Amba / Pickled Mangoes

Pickled mango | amba

yields: 2 pints
active time: 15 minutes
total time: at least 3 hours 15 minutes
also check out my
amba slaw and amba fish tacos
download a
PDF to print

  • 3 green, unripened mangoes *

  • 2 tablespoons lemon juice

  • 3/4 cups water

  • 3/4 cups apple cider vinegar

  • 2 1/4 teaspoons curry powder

  • 3/4 teaspoons ground turmeric

  • 2 1/4 teaspoons ground fenugreek seeds **

  • 1/4 to 1/2 teaspoon red pepper flakes

  • 1 3/4 teaspoons fine sea salt

  1. Pit and peel the mangoes and then slice them into thin strips. Coat them in lemon juice. ***

  2. Pack the mangoes into two pint-sized canning jars.

  3. In a small saucepan, combine water, cider vinegar, curry powder, turmeric, fenugreek, red pepper flakes, and sea salt. Bring to a boil and then immediately remove from heat. Pour over the mangoes.

  4. This recipe is designed for 2 pints, but if you need to, feel free to top them off with a tablespoon or two of lemon juice. If the tops are poking out, give them a shake every day for the first few days.

  5. Store the amba in the refrigerator for at least 6 hours before serving. It is pretty good as a quickle after 3 hours, but it's even better after a few days.

Serving suggestions: This is a very flavorful pickle and should be served with food that doesn't have a lot of flavor and piquancy of its own; use this anywhere you want to add acidity and brightness, like you would with a chutney, relish, or salsa. Serve alongside grilled meats and veggies, burgers, hot dogs, riza sh'ariyeh, and/or a simple salad with a very light dressing. Leave the amount of amba up to your guests instead of plating it for them. Everyone has a different preference for tartness, and while some guests will polish off a whole pint, others will only have one or two pieces (but rest assured, just about everyone will love it).

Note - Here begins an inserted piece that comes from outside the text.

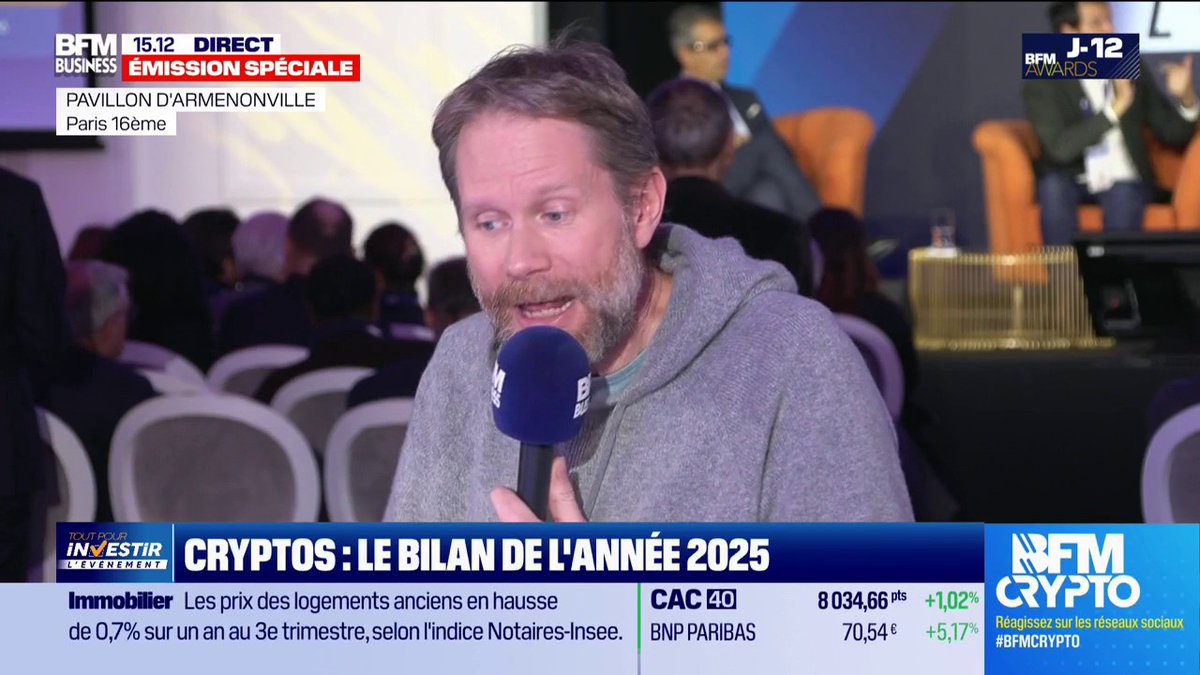 L'euro numérique ? "Une catastrophe" 💶 "Les monnaies numériques de banque centrale vont être un échec cuisant, il vaudrait mieux autoriser les stablecoins euro. On se tire une balle dans le pied et on va finir par s'en tirer une dans la tête" 🎙️Sandra Gandoin 💬 Eric Larchevêque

* The mangoes should be very firm and should not yield to pressure. It's ok if they are a little red, but they should be mostly green (judge by squeezing more than color).
** You can easily find ground fenugreek seeds online or in almost any Indian market. Although they're from the same plant, they taste very different from fenugreek leaves (just like cilantro doesn't taste like coriander seeds). You can sometimes find fenugreek seeds in Middle Eastern markets and health foods stores, but I find that Indian markets are the only really reliable source. If you can't find ground fenugreek seeds, feel free to leave it out and use a total of 1 tablespoon + 1 teaspoon curry powder for the recipe.
*** See above gifs for instructions on pitting and peeling unripe mangoes. It's a little different than pitting and peeling a ripe mango, since you can't easily separate the flesh from the peel and you have to use a bit more pressure to slice through, and must therefore stabilize it.